AVRUPA NEWSPAPER/LONDON-CHP President Kemal Kılıçdaroğlu leads thousand of youths in the Commemoration of Atatürk, Youth and Sports Day march. Despite Ankara governor’s ban, Turkish social democratic CHP marches from Güven Park to Anıtkabir (Atatürk’s mausoleum) on 19 May, the Commemoration of Atatürk, Youth and Sports Day, symbolises the start of Turkey’s War of Liberation when the founder of the modern Turkish Republic, Mustafa Kemal Atatürk, set foot in the Black Sea province of Samsun to initiate the struggle on May 19, 1919. The national day is celebrated across the country with events organized by the CHP and other Turkish progressive forces.
“Since when do people need permission to remember Atatürk?…We know to challenge every kind of oppression, no despot regime has survived” said Kemal Kılçdaroğlu, leader of the main opposition CHP.
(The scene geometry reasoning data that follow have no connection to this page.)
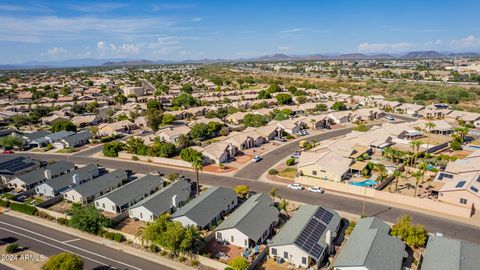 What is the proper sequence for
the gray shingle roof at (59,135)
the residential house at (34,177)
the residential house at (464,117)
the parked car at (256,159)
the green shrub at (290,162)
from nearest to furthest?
the residential house at (34,177), the green shrub at (290,162), the parked car at (256,159), the gray shingle roof at (59,135), the residential house at (464,117)

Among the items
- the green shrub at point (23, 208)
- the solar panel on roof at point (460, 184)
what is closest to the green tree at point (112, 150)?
the green shrub at point (23, 208)

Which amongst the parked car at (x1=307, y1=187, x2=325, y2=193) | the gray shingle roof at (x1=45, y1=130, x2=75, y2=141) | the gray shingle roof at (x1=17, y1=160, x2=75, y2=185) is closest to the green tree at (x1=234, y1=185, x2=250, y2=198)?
the parked car at (x1=307, y1=187, x2=325, y2=193)

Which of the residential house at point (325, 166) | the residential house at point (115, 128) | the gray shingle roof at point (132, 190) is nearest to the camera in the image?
the gray shingle roof at point (132, 190)

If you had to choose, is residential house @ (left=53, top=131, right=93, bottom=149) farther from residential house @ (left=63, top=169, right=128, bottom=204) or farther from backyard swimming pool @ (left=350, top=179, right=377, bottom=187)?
backyard swimming pool @ (left=350, top=179, right=377, bottom=187)

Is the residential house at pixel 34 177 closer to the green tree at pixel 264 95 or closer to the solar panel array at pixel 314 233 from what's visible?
the solar panel array at pixel 314 233

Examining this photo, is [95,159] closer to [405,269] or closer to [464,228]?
[405,269]

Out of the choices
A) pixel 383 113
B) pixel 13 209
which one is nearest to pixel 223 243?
pixel 13 209

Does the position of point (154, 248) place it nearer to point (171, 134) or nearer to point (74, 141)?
point (171, 134) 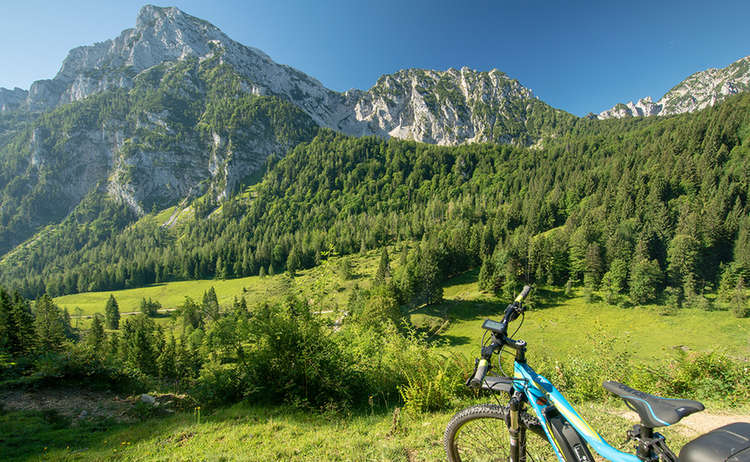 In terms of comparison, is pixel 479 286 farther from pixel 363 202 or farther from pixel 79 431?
pixel 363 202

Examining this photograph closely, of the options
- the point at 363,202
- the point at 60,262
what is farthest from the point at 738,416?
the point at 60,262

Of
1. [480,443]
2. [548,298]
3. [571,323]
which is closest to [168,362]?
[480,443]

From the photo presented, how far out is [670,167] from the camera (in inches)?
3920

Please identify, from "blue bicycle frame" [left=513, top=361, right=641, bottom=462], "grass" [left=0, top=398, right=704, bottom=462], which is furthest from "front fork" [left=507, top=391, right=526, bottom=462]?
"grass" [left=0, top=398, right=704, bottom=462]

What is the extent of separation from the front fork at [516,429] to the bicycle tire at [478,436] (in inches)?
9.0

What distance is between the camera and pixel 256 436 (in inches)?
248

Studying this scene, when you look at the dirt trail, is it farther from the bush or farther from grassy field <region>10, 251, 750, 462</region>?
the bush

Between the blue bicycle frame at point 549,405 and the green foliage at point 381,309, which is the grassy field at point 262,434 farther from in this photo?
the green foliage at point 381,309

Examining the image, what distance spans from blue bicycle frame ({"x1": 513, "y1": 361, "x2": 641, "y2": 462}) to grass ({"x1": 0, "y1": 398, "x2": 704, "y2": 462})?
102 inches

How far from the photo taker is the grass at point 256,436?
17.5 feet

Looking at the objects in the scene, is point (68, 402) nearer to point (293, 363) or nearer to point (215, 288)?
point (293, 363)

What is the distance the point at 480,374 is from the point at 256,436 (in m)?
5.88

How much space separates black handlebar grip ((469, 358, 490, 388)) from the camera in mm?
3167

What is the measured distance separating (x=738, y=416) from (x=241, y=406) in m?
12.5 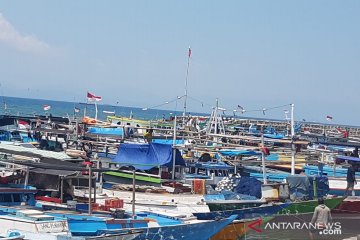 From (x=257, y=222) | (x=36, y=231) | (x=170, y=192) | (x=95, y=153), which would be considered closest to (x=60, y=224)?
(x=36, y=231)

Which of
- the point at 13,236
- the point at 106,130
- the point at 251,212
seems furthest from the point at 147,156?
the point at 13,236

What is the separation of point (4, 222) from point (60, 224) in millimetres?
1424

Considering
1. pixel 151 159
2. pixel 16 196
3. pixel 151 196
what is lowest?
pixel 151 196

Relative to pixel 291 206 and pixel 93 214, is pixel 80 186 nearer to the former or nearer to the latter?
pixel 93 214

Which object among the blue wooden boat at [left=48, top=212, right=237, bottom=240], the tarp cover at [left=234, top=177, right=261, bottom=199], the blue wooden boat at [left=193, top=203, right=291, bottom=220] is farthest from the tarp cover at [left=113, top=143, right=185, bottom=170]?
the blue wooden boat at [left=48, top=212, right=237, bottom=240]

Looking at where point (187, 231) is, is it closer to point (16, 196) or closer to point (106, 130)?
point (16, 196)

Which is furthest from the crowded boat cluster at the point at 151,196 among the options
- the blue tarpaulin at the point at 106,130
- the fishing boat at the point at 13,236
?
the blue tarpaulin at the point at 106,130

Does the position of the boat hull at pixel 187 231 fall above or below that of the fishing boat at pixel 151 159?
below

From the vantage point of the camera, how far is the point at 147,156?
32094 millimetres

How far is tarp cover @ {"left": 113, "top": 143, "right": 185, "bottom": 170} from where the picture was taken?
3164cm

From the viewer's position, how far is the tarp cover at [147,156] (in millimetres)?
31641

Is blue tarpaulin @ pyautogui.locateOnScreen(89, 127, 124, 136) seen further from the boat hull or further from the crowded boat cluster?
the boat hull

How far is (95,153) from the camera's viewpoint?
3662 centimetres

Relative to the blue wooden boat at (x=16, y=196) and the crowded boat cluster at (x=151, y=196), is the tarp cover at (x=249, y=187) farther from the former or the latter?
the blue wooden boat at (x=16, y=196) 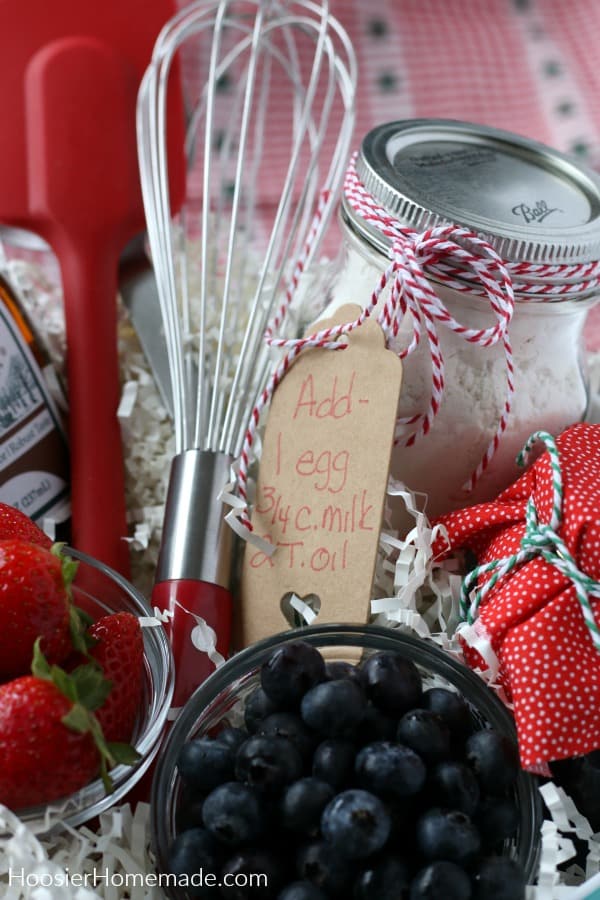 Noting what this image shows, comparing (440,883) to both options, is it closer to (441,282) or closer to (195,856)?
(195,856)

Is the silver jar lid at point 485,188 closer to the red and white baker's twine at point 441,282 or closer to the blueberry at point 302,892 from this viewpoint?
the red and white baker's twine at point 441,282

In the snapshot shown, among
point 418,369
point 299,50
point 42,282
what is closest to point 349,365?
point 418,369

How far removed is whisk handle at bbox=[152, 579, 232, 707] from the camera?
693mm

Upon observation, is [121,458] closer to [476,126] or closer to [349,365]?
[349,365]

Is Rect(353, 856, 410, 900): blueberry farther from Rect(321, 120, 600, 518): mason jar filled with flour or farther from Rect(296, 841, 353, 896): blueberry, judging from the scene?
Rect(321, 120, 600, 518): mason jar filled with flour

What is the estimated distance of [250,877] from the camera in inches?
20.4

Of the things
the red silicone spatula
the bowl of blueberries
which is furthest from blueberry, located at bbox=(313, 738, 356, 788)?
the red silicone spatula

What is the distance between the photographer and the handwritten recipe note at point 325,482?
2.26ft

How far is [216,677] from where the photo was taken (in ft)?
2.02

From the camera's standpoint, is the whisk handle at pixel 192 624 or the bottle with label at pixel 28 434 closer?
the whisk handle at pixel 192 624

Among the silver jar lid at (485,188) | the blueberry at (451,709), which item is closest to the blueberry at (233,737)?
the blueberry at (451,709)

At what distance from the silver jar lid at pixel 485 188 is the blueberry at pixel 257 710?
323mm

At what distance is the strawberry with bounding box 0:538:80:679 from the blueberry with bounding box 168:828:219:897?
0.13 meters

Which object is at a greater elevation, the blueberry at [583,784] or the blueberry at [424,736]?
the blueberry at [424,736] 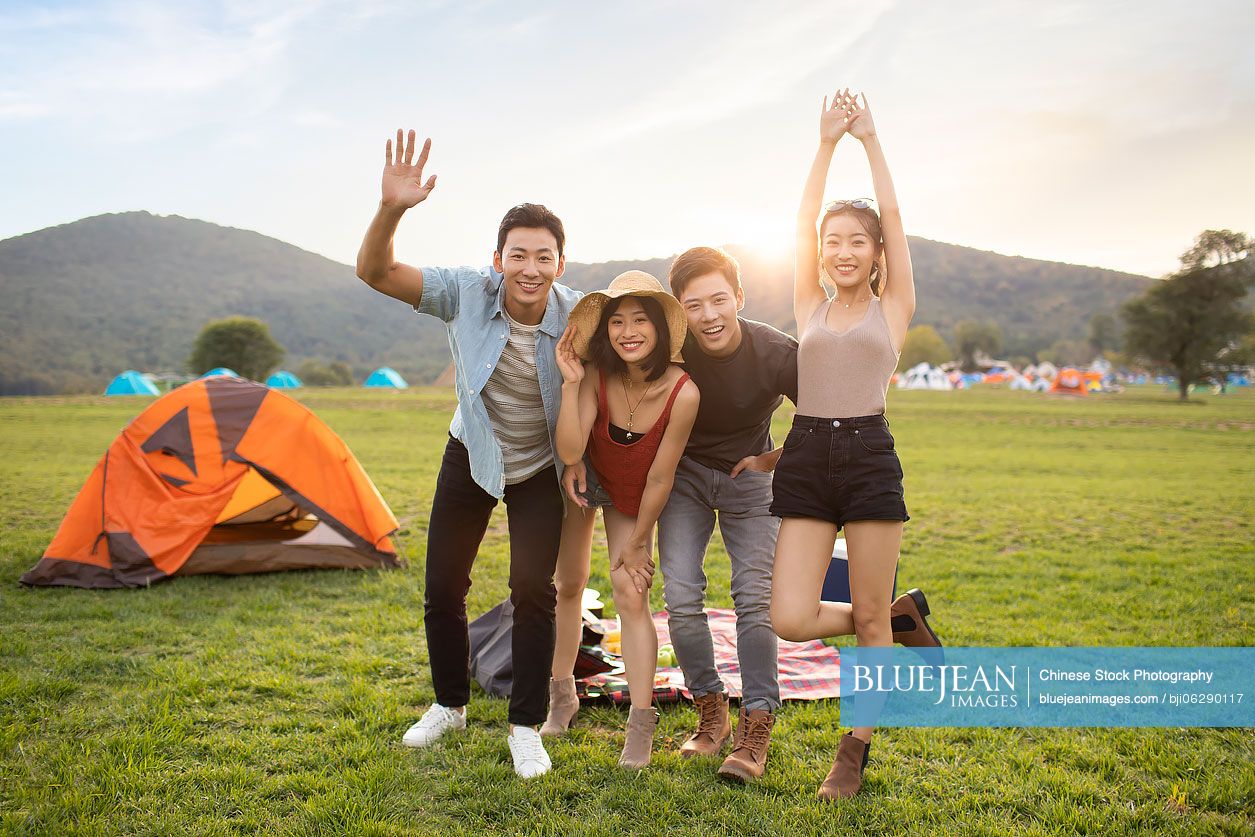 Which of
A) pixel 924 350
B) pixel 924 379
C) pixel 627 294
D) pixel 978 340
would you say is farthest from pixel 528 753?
pixel 978 340

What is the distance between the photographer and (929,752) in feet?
11.5

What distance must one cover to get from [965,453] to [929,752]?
14.1m

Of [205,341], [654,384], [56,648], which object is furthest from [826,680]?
[205,341]

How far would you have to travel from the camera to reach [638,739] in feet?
11.0

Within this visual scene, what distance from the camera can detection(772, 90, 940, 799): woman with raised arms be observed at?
3.10m

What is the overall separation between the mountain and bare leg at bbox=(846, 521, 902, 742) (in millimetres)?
96717

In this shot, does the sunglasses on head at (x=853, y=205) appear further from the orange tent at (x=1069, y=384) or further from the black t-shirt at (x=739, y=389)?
the orange tent at (x=1069, y=384)

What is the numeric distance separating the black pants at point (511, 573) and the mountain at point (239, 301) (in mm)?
95833

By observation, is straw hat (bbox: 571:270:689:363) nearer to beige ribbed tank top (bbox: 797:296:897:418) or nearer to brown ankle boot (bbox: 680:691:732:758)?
beige ribbed tank top (bbox: 797:296:897:418)

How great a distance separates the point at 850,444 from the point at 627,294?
1.11 metres

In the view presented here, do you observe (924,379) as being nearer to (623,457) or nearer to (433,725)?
(623,457)

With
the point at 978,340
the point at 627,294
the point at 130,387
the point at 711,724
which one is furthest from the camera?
the point at 978,340

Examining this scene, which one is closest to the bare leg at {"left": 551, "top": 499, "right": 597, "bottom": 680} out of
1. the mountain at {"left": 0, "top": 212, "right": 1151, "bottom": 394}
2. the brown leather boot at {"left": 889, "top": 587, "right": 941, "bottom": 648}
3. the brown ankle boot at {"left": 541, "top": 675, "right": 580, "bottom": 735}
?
the brown ankle boot at {"left": 541, "top": 675, "right": 580, "bottom": 735}

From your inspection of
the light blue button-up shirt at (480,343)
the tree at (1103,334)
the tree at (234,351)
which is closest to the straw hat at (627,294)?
the light blue button-up shirt at (480,343) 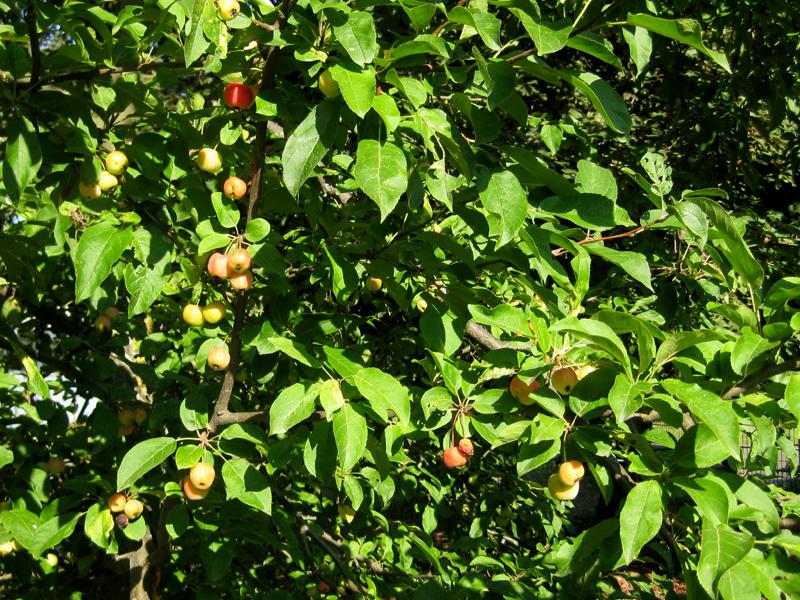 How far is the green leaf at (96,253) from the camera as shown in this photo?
1.73m

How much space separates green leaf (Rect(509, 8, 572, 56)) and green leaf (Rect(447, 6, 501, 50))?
47 mm

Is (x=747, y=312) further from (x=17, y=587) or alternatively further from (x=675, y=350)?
(x=17, y=587)

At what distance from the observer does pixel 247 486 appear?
1736mm

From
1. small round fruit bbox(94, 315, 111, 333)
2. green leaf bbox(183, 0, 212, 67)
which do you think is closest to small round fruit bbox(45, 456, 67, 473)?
small round fruit bbox(94, 315, 111, 333)

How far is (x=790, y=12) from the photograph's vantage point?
3.44m

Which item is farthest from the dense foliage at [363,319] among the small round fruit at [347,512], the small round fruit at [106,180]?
the small round fruit at [347,512]

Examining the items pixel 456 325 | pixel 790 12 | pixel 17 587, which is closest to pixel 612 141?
pixel 790 12

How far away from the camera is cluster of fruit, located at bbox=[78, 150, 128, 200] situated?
6.43 ft

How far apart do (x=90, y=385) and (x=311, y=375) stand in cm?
121

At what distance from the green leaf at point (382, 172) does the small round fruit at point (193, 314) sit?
1.06 metres

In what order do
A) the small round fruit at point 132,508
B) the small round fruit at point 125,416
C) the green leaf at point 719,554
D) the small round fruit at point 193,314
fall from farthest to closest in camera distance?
the small round fruit at point 125,416
the small round fruit at point 132,508
the small round fruit at point 193,314
the green leaf at point 719,554

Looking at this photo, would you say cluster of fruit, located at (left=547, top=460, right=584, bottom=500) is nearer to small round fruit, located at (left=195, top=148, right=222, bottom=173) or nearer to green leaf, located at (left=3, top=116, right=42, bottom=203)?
small round fruit, located at (left=195, top=148, right=222, bottom=173)

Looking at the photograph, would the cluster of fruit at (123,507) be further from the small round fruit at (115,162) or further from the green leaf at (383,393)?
the green leaf at (383,393)

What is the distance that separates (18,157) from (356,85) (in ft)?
3.09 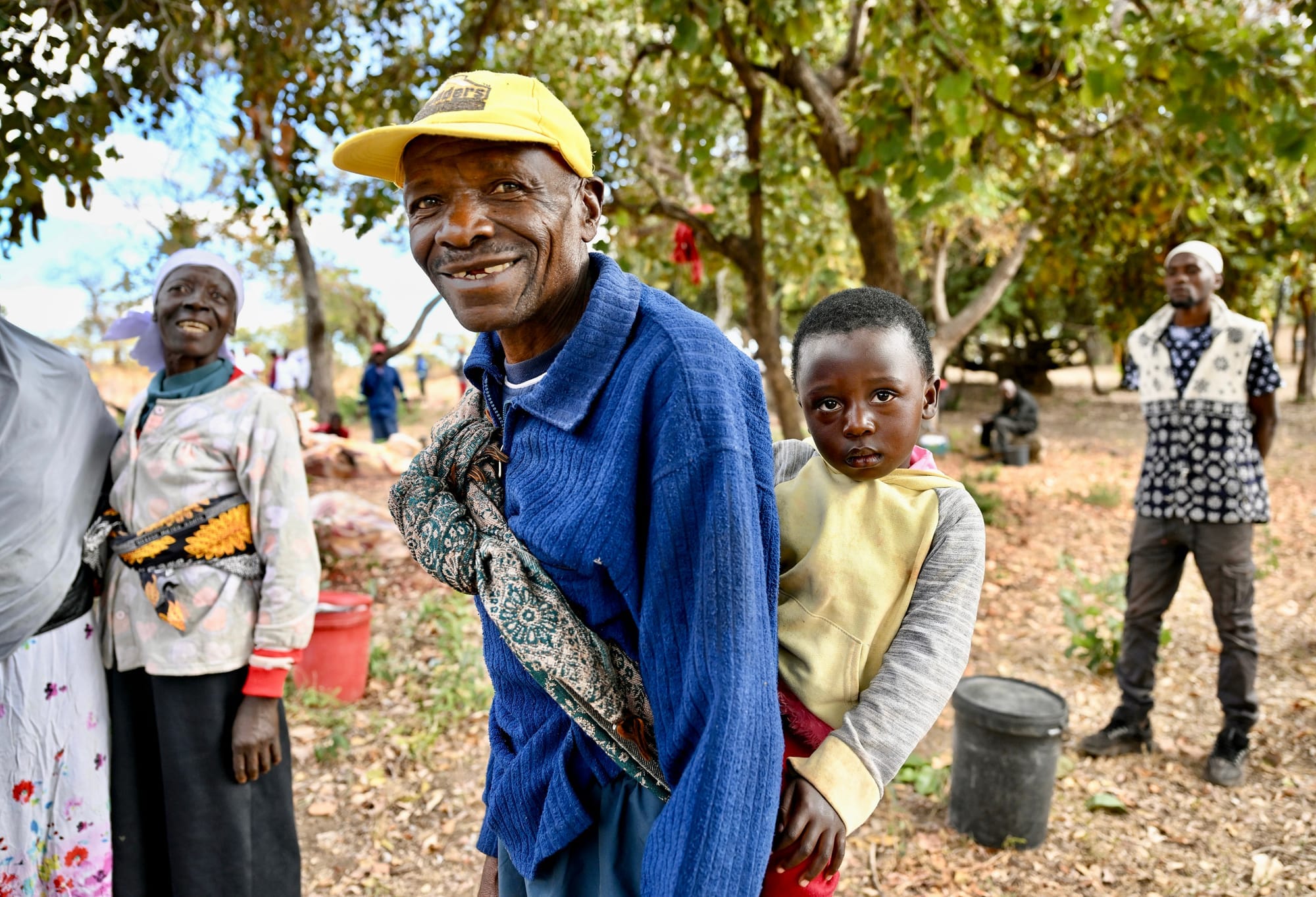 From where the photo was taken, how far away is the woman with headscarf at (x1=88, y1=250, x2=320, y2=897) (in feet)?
7.79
The mausoleum of Atatürk, Anıtkabir, is also open for visits throughout the day, between 9 a.m. and 4 p.m., and between 7 p.m. and 10 p.m., as thousands usually flock to the commemorate Atatürk.
A special ceremony will be held between 4 p.m. and 7 p.m. for Professor Aziz Sancar, who will donate his original Nobel Prize in Chemistry medal to Anıtkabir. The Nobellaureate said when he won the prize last year that his success was “thanks to Atatürk.”
“I always repeat this. I am a child of Atatürk, his revolutions and the republic. I was brought up by village institute graduates,” Sancar said on May 14, referring to Turkey’s pioneering system of rural education launched more than 70 years ago which introduced coeducational learning and courses on farming, technology, Iiterature and music in some of the country’s most underdeveloped regions.
“I am their product. I gained [the Nobel Prize] through them. The Nobel Prize belongs to Atatürk and the republic,” he added.